(Data items)
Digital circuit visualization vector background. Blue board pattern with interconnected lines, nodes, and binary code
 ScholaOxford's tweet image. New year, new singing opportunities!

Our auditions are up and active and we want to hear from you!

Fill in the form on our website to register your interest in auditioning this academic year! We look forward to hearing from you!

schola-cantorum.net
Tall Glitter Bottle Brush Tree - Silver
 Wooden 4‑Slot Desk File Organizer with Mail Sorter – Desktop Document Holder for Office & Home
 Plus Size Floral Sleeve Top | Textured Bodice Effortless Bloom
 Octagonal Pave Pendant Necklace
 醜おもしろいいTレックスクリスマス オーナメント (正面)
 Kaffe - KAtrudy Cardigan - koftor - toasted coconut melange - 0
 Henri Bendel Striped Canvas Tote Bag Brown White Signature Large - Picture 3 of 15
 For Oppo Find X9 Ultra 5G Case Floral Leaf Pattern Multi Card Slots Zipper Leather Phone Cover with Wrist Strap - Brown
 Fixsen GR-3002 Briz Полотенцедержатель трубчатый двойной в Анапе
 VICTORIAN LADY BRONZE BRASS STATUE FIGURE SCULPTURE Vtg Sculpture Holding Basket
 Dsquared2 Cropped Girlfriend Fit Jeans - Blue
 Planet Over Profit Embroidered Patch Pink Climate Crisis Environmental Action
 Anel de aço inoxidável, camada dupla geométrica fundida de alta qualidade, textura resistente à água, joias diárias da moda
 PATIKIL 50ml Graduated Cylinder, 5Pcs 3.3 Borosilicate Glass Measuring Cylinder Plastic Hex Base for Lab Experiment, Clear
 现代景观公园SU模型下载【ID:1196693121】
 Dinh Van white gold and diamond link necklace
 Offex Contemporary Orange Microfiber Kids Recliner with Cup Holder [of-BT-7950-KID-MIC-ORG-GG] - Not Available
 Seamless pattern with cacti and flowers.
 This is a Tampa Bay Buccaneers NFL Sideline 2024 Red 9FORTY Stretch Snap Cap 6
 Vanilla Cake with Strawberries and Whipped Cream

WHAT NEEDS TO BE DONE –
Repeat back the data above, exact to the last character.

SOLUTION TO THIS EXERCISE –
Digital circuit visualization vector background. Blue board pattern with interconnected lines, nodes, and binary code
 ScholaOxford's tweet image. New year, new singing opportunities!

Our auditions are up and active and we want to hear from you!

Fill in the form on our website to register your interest in auditioning this academic year! We look forward to hearing from you!

schola-cantorum.net
Tall Glitter Bottle Brush Tree - Silver
 Wooden 4‑Slot Desk File Organizer with Mail Sorter – Desktop Document Holder for Office & Home
 Plus Size Floral Sleeve Top | Textured Bodice Effortless Bloom
 Octagonal Pave Pendant Necklace
 醜おもしろいいTレックスクリスマス オーナメント (正面)
 Kaffe - KAtrudy Cardigan - koftor - toasted coconut melange - 0
 Henri Bendel Striped Canvas Tote Bag Brown White Signature Large - Picture 3 of 15
 For Oppo Find X9 Ultra 5G Case Floral Leaf Pattern Multi Card Slots Zipper Leather Phone Cover with Wrist Strap - Brown
 Fixsen GR-3002 Briz Полотенцедержатель трубчатый двойной в Анапе
 VICTORIAN LADY BRONZE BRASS STATUE FIGURE SCULPTURE Vtg Sculpture Holding Basket
 Dsquared2 Cropped Girlfriend Fit Jeans - Blue
 Planet Over Profit Embroidered Patch Pink Climate Crisis Environmental Action
 Anel de aço inoxidável, camada dupla geométrica fundida de alta qualidade, textura resistente à água, joias diárias da moda
 PATIKIL 50ml Graduated Cylinder, 5Pcs 3.3 Borosilicate Glass Measuring Cylinder Plastic Hex Base for Lab Experiment, Clear
 现代景观公园SU模型下载【ID:1196693121】
 Dinh Van white gold and diamond link necklace
 Offex Contemporary Orange Microfiber Kids Recliner with Cup Holder [of-BT-7950-KID-MIC-ORG-GG] - Not Available
 Seamless pattern with cacti and flowers.
 This is a Tampa Bay Buccaneers NFL Sideline 2024 Red 9FORTY Stretch Snap Cap 6
 Vanilla Cake with Strawberries and Whipped Cream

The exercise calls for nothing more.